> _Work order_
Images are not wanted; transcribe the rest of the listing exactly.

> _The data_
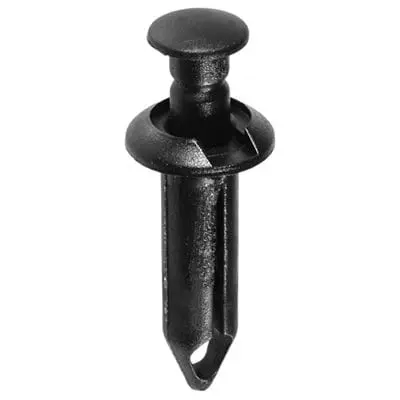 Push Pin Rivet 8mm Hole-15mm Washer- 29mm Grip Black - PK 25-WF46534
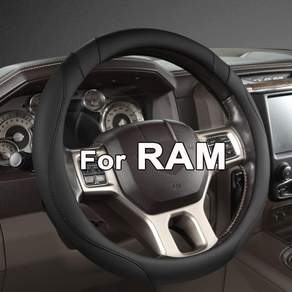 웨스트 라마 Dodge RAM 1500 2500 3500 15.5-16인치블랙-대형 사이즈용 맞춤형 자동차 스티어링 휠 커버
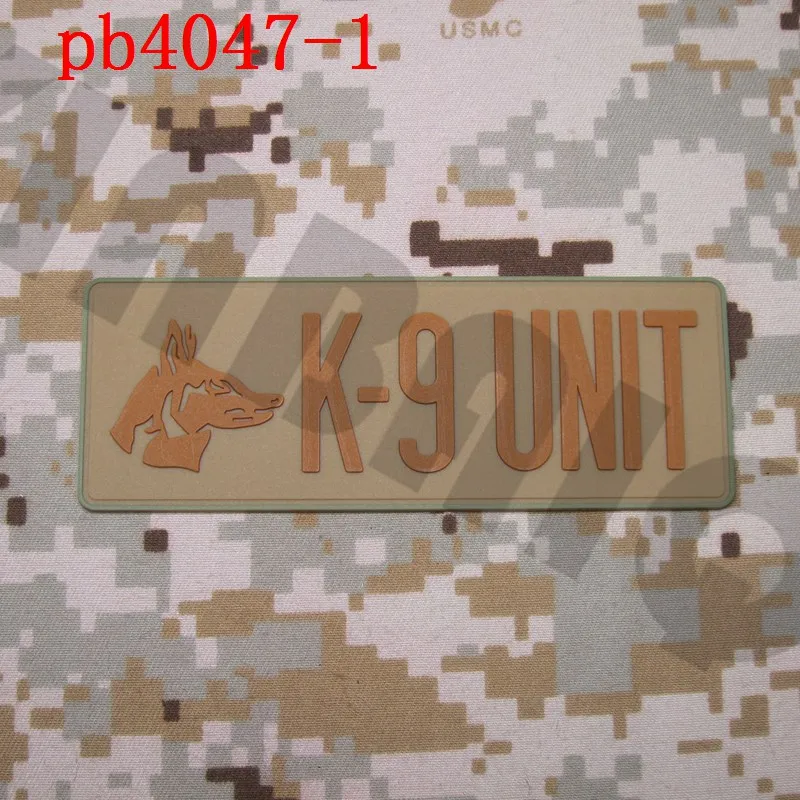 pb4047 Multicam 3D ПВХ патч K-9 блок K9 собаки мораль тактических военных - Цвет: pb4047 Multicam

> _Task answer_
 Push Pin Rivet 8mm Hole-15mm Washer- 29mm Grip Black - PK 25-WF46534
 웨스트 라마 Dodge RAM 1500 2500 3500 15.5-16인치블랙-대형 사이즈용 맞춤형 자동차 스티어링 휠 커버
 pb4047 Multicam 3D ПВХ патч K-9 блок K9 собаки мораль тактических военных - Цвет: pb4047 Multicam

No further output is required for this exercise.